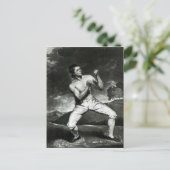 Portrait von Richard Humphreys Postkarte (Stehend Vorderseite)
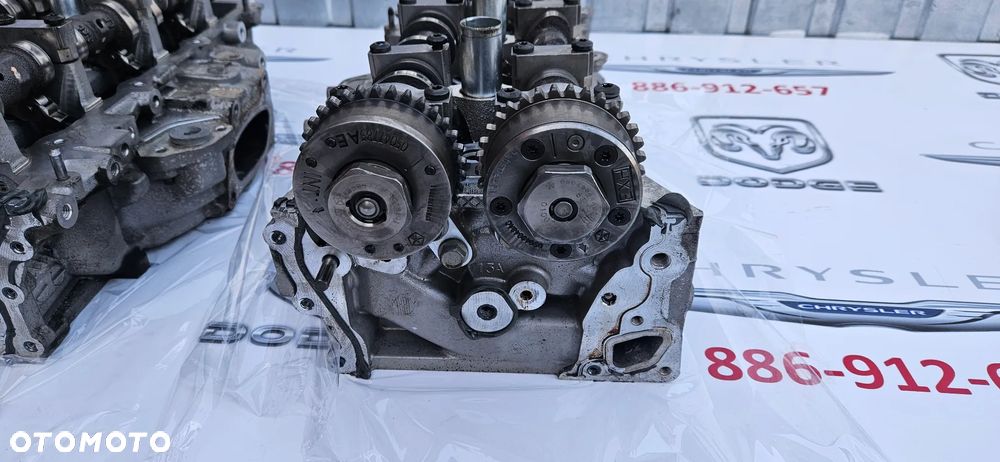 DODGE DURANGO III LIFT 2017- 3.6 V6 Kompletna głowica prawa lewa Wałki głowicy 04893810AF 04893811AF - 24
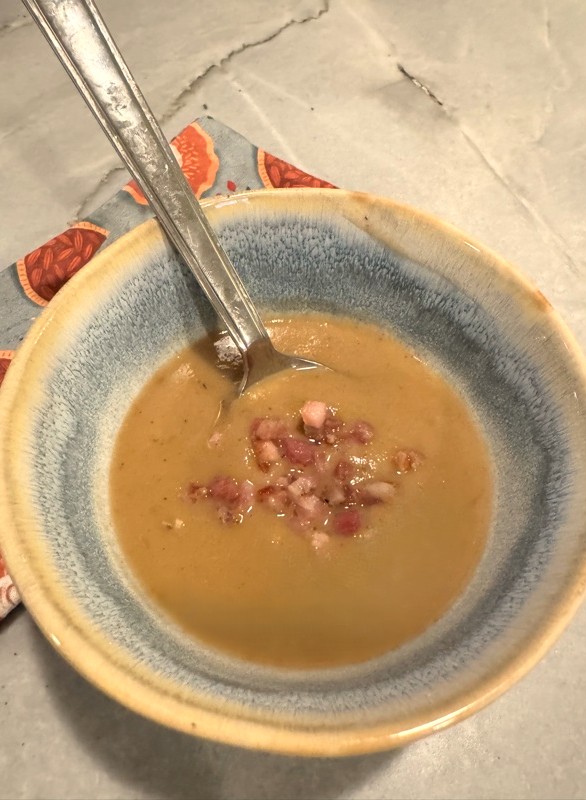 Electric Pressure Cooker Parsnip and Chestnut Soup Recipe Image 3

━━━━━━━━━━

> **Your goal**: Without the pictures, write out all of the material exactly.

> **Solution to this exercise**:
 Portrait von Richard Humphreys Postkarte (Stehend Vorderseite)
 DODGE DURANGO III LIFT 2017- 3.6 V6 Kompletna głowica prawa lewa Wałki głowicy 04893810AF 04893811AF - 24
 Electric Pressure Cooker Parsnip and Chestnut Soup Recipe Image 3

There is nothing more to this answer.